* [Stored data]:
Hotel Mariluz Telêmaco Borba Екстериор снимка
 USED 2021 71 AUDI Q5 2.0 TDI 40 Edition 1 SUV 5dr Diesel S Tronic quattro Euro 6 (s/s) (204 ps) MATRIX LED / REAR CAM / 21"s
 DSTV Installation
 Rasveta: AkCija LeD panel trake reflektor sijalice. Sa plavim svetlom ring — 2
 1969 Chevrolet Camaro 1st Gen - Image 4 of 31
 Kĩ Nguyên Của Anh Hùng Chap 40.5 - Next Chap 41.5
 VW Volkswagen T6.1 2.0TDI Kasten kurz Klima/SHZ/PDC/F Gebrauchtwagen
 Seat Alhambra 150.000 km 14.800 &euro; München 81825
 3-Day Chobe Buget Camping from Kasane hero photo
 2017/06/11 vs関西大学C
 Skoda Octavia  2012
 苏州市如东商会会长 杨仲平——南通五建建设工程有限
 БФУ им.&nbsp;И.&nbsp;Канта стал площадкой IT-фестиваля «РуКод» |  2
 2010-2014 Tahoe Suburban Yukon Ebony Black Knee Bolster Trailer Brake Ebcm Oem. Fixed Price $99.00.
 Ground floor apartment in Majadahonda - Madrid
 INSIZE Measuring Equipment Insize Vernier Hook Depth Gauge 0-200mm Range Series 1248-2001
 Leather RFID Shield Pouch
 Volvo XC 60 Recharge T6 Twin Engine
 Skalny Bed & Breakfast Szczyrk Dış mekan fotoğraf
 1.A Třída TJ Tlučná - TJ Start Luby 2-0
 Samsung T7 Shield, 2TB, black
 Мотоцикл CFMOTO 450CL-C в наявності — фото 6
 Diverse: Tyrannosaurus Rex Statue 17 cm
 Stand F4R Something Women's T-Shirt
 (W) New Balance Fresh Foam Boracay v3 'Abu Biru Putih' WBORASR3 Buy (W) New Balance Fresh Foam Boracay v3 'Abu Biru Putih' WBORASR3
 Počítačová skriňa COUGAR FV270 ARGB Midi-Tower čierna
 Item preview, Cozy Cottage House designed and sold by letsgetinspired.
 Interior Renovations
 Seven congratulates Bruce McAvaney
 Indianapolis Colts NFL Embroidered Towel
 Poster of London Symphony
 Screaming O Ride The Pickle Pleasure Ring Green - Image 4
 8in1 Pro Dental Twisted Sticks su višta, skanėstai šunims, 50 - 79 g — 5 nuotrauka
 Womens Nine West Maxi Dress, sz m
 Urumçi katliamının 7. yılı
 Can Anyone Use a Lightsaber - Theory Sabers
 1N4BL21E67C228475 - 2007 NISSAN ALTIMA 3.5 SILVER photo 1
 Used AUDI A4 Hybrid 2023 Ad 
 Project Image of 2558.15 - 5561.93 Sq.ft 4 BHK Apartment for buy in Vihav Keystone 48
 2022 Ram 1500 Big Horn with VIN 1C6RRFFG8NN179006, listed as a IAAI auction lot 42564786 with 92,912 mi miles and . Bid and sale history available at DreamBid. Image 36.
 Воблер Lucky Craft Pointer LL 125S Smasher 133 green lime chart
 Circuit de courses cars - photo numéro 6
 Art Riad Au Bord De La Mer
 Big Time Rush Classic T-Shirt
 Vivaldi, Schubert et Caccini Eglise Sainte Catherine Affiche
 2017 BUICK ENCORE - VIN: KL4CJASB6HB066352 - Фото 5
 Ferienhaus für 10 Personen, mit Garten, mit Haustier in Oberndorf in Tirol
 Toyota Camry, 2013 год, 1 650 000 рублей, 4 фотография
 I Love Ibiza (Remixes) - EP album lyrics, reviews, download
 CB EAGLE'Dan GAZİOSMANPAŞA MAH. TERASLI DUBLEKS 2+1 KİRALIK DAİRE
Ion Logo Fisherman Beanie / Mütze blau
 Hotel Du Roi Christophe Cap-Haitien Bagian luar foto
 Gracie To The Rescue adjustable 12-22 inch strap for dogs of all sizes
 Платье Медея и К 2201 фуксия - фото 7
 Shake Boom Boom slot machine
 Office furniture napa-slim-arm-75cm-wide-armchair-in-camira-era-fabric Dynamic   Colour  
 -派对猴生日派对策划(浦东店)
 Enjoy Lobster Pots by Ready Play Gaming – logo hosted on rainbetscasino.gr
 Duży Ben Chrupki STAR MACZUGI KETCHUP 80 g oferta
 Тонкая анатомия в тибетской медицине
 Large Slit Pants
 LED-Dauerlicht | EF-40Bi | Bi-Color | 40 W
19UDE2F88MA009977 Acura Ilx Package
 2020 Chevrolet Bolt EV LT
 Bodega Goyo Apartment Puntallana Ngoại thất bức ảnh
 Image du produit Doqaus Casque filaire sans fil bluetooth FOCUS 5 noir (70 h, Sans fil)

* [Problem requirements]: Repeat the entries shown above, every one, word for word.

* [The completed task]:
Hotel Mariluz Telêmaco Borba Екстериор снимка
 USED 2021 71 AUDI Q5 2.0 TDI 40 Edition 1 SUV 5dr Diesel S Tronic quattro Euro 6 (s/s) (204 ps) MATRIX LED / REAR CAM / 21"s
 DSTV Installation
 Rasveta: AkCija LeD panel trake reflektor sijalice. Sa plavim svetlom ring — 2
 1969 Chevrolet Camaro 1st Gen - Image 4 of 31
 Kĩ Nguyên Của Anh Hùng Chap 40.5 - Next Chap 41.5
 VW Volkswagen T6.1 2.0TDI Kasten kurz Klima/SHZ/PDC/F Gebrauchtwagen
 Seat Alhambra 150.000 km 14.800 &euro; München 81825
 3-Day Chobe Buget Camping from Kasane hero photo
 2017/06/11 vs関西大学C
 Skoda Octavia  2012
 苏州市如东商会会长 杨仲平——南通五建建设工程有限
 БФУ им.&nbsp;И.&nbsp;Канта стал площадкой IT-фестиваля «РуКод» |  2
 2010-2014 Tahoe Suburban Yukon Ebony Black Knee Bolster Trailer Brake Ebcm Oem. Fixed Price $99.00.
 Ground floor apartment in Majadahonda - Madrid
 INSIZE Measuring Equipment Insize Vernier Hook Depth Gauge 0-200mm Range Series 1248-2001
 Leather RFID Shield Pouch
 Volvo XC 60 Recharge T6 Twin Engine
 Skalny Bed & Breakfast Szczyrk Dış mekan fotoğraf
 1.A Třída TJ Tlučná - TJ Start Luby 2-0
 Samsung T7 Shield, 2TB, black
 Мотоцикл CFMOTO 450CL-C в наявності — фото 6
 Diverse: Tyrannosaurus Rex Statue 17 cm
 Stand F4R Something Women's T-Shirt
 (W) New Balance Fresh Foam Boracay v3 'Abu Biru Putih' WBORASR3 Buy (W) New Balance Fresh Foam Boracay v3 'Abu Biru Putih' WBORASR3
 Počítačová skriňa COUGAR FV270 ARGB Midi-Tower čierna
 Item preview, Cozy Cottage House designed and sold by letsgetinspired.
 Interior Renovations
 Seven congratulates Bruce McAvaney
 Indianapolis Colts NFL Embroidered Towel
 Poster of London Symphony
 Screaming O Ride The Pickle Pleasure Ring Green - Image 4
 8in1 Pro Dental Twisted Sticks su višta, skanėstai šunims, 50 - 79 g — 5 nuotrauka
 Womens Nine West Maxi Dress, sz m
 Urumçi katliamının 7. yılı
 Can Anyone Use a Lightsaber - Theory Sabers
 1N4BL21E67C228475 - 2007 NISSAN ALTIMA 3.5 SILVER photo 1
 Used AUDI A4 Hybrid 2023 Ad 
 Project Image of 2558.15 - 5561.93 Sq.ft 4 BHK Apartment for buy in Vihav Keystone 48
 2022 Ram 1500 Big Horn with VIN 1C6RRFFG8NN179006, listed as a IAAI auction lot 42564786 with 92,912 mi miles and . Bid and sale history available at DreamBid. Image 36.
 Воблер Lucky Craft Pointer LL 125S Smasher 133 green lime chart
 Circuit de courses cars - photo numéro 6
 Art Riad Au Bord De La Mer
 Big Time Rush Classic T-Shirt
 Vivaldi, Schubert et Caccini Eglise Sainte Catherine Affiche
 2017 BUICK ENCORE - VIN: KL4CJASB6HB066352 - Фото 5
 Ferienhaus für 10 Personen, mit Garten, mit Haustier in Oberndorf in Tirol
 Toyota Camry, 2013 год, 1 650 000 рублей, 4 фотография
 I Love Ibiza (Remixes) - EP album lyrics, reviews, download
 CB EAGLE'Dan GAZİOSMANPAŞA MAH. TERASLI DUBLEKS 2+1 KİRALIK DAİRE
Ion Logo Fisherman Beanie / Mütze blau
 Hotel Du Roi Christophe Cap-Haitien Bagian luar foto
 Gracie To The Rescue adjustable 12-22 inch strap for dogs of all sizes
 Платье Медея и К 2201 фуксия - фото 7
 Shake Boom Boom slot machine
 Office furniture napa-slim-arm-75cm-wide-armchair-in-camira-era-fabric Dynamic   Colour  
 -派对猴生日派对策划(浦东店)
 Enjoy Lobster Pots by Ready Play Gaming – logo hosted on rainbetscasino.gr
 Duży Ben Chrupki STAR MACZUGI KETCHUP 80 g oferta
 Тонкая анатомия в тибетской медицине
 Large Slit Pants
 LED-Dauerlicht | EF-40Bi | Bi-Color | 40 W
19UDE2F88MA009977 Acura Ilx Package
 2020 Chevrolet Bolt EV LT
 Bodega Goyo Apartment Puntallana Ngoại thất bức ảnh
 Image du produit Doqaus Casque filaire sans fil bluetooth FOCUS 5 noir (70 h, Sans fil)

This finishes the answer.